O poder em um país fantasticamente miscigenado como o nosso está nos seus múltiplos domínios sociais, na diversidade regional e nas mais inusitadas manifestações socioeconômicas geradoras inclusive de renda informal, como, no dizer do antropólogo mexicano Roberto Varela (1934 – 2005), “forças equilibradoras que causam desequilíbrio” (Cultura y poder, p.116, México: Anthropos, 2005). Enquanto isso, destituídos de papéis-modelo decentes, oscilamos psicossocialmente na vertigem da falta de infraestrutura simbólica.
Em seus estudos de antropologia social, Varela procurou separar didaticamente cultura, como sistema de significação, do contexto que lhe dá sentido. “Se a cultura é um conjunto de signos e símbolos, o comportamento é uma ação” (p.87). Ao estabelecer essa diferença entre cultura e padrão de comportamento, o pensador mexicano coloca os objetivos públicos nas mãos dos que vivem, experimentam, sentem e compartilham uma cultura.
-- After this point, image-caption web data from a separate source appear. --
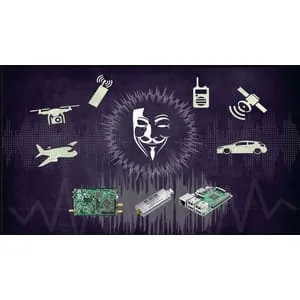 Udemy – SDR for Ethical Hackers and Security Researchers 2025-10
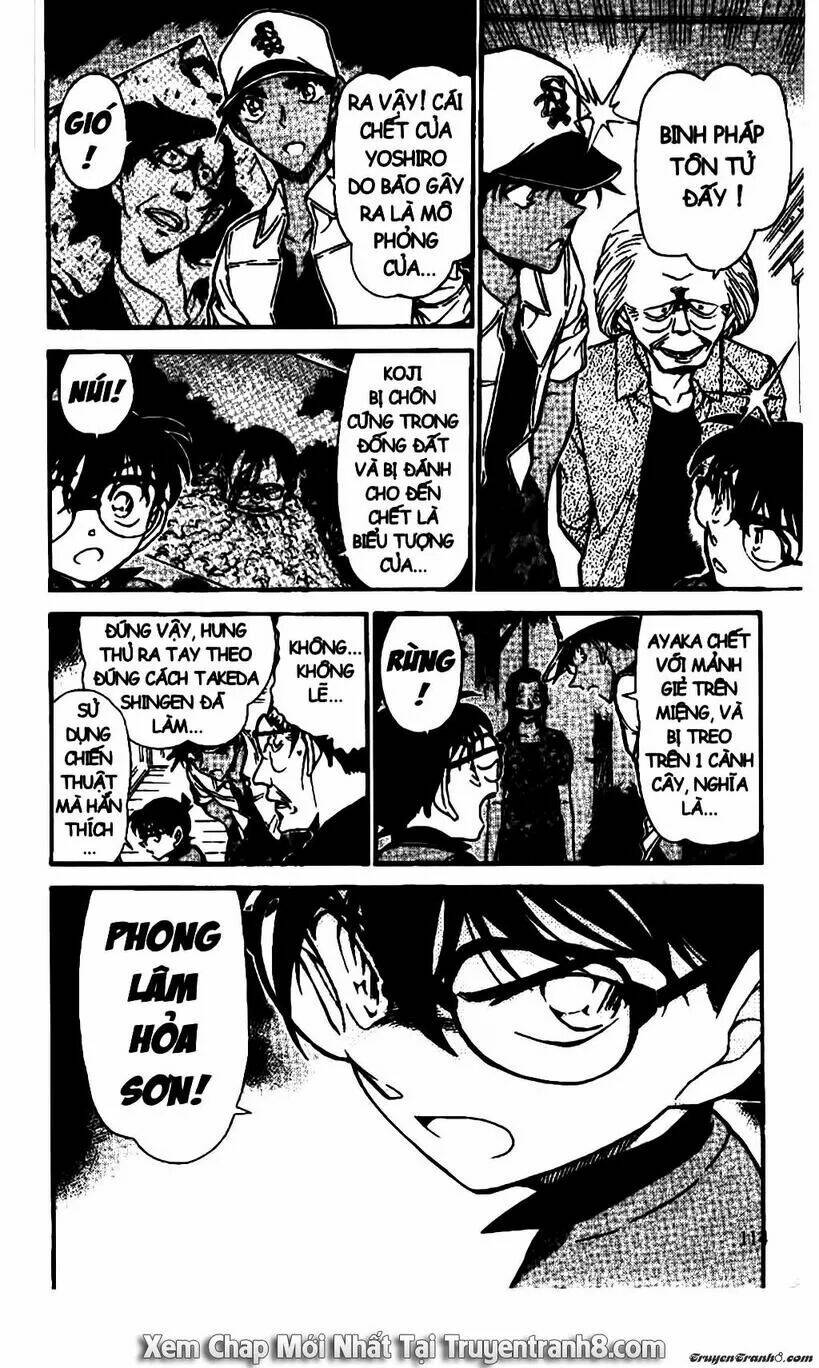 Thám Tử Conan - Chapter 615 - Page 16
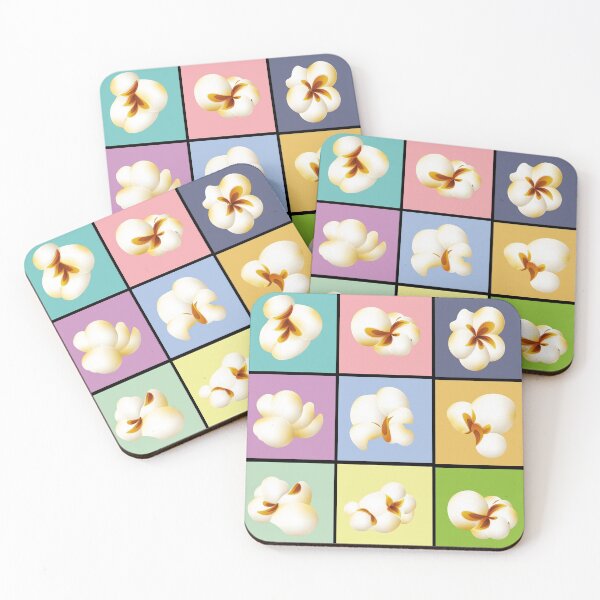 Item preview, Popcorn designed and sold by BadHabits4452.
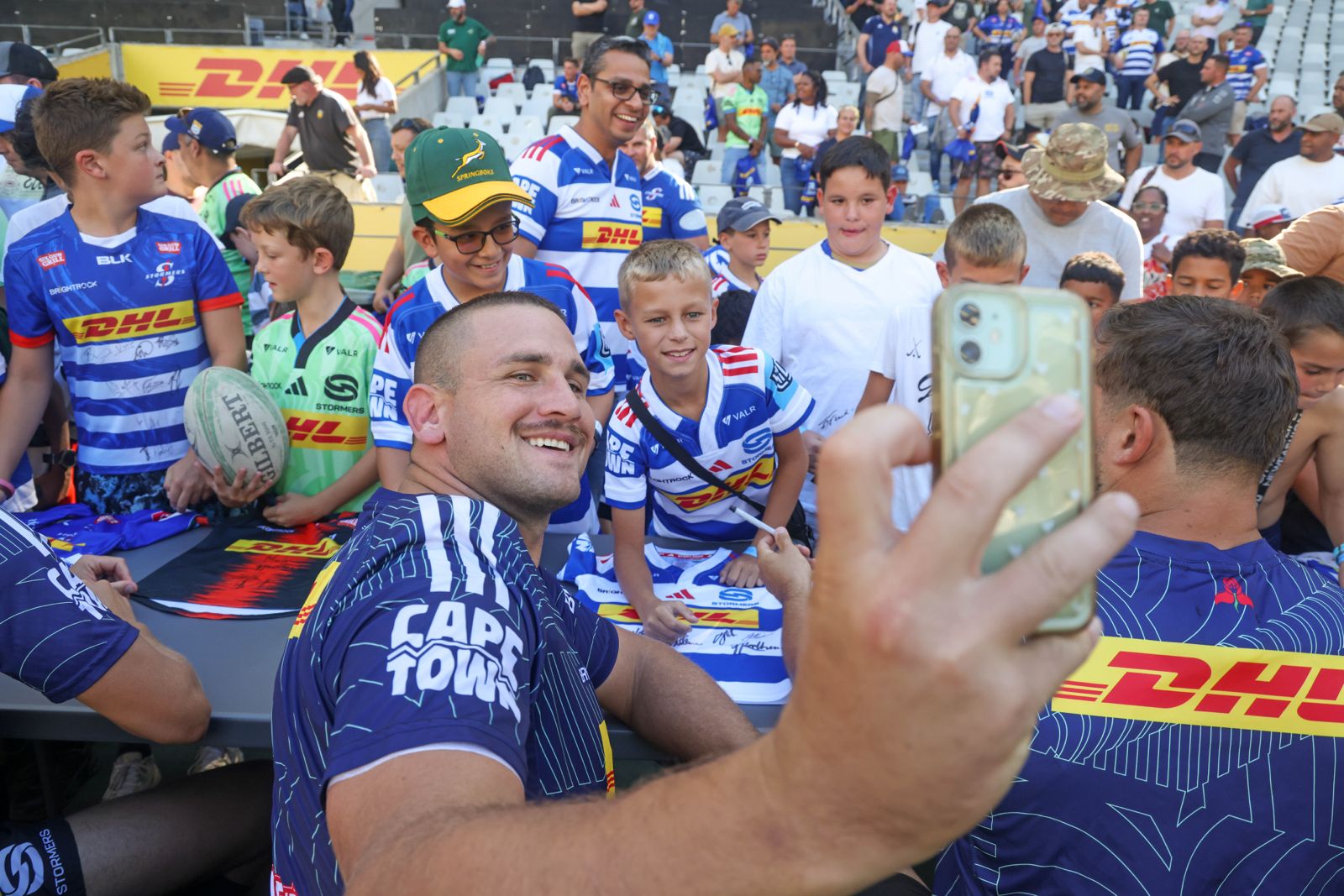 VRK: Nóg een wat Glasgow gou-gou wil vergeet, super Stormers nou 1ste op puntelys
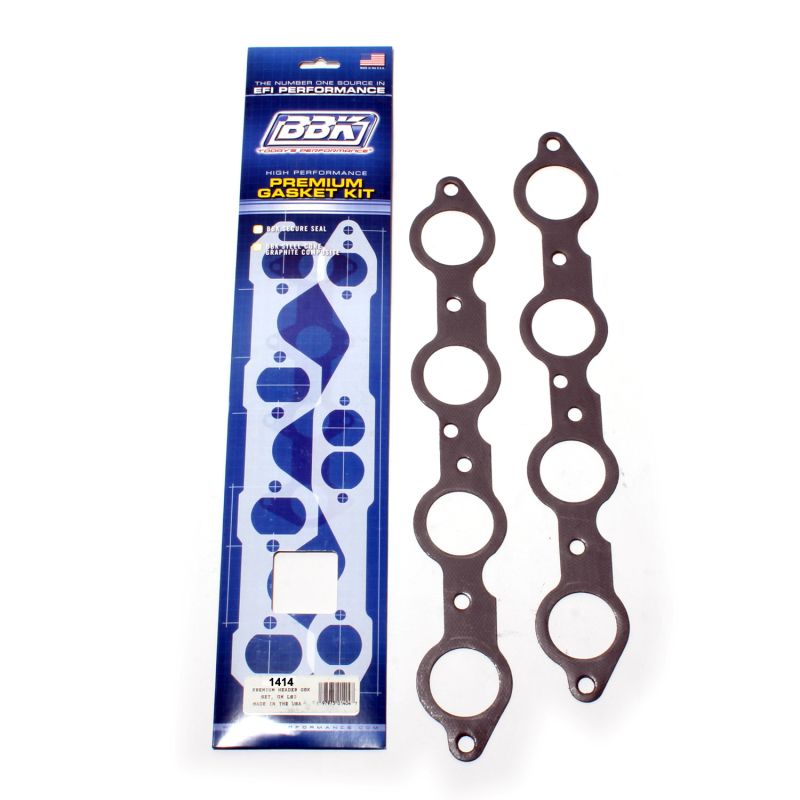 BBK 1414 | 16-21 GM LT1 6.2L Exhaust Header Gasket Set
Não é à toa que, na luta pelo controle do poder, muitos políticos valem-se do sistema educacional como “mecanismo legitimador do fracasso” (p.162), frente às grandes promessas de ascensão social incutidas pelas ilusões dos mercados de atletas de futebol, de gamers, de traficantes de drogas, de mascates da fé e de agenciadores de programas de auditório, onde as exceções são insistentemente vendidas como regras. No fundo, “o poder se baseia no controle” (p.129), mas “o controle não é o poder” (p.144). Eis o nó da questão.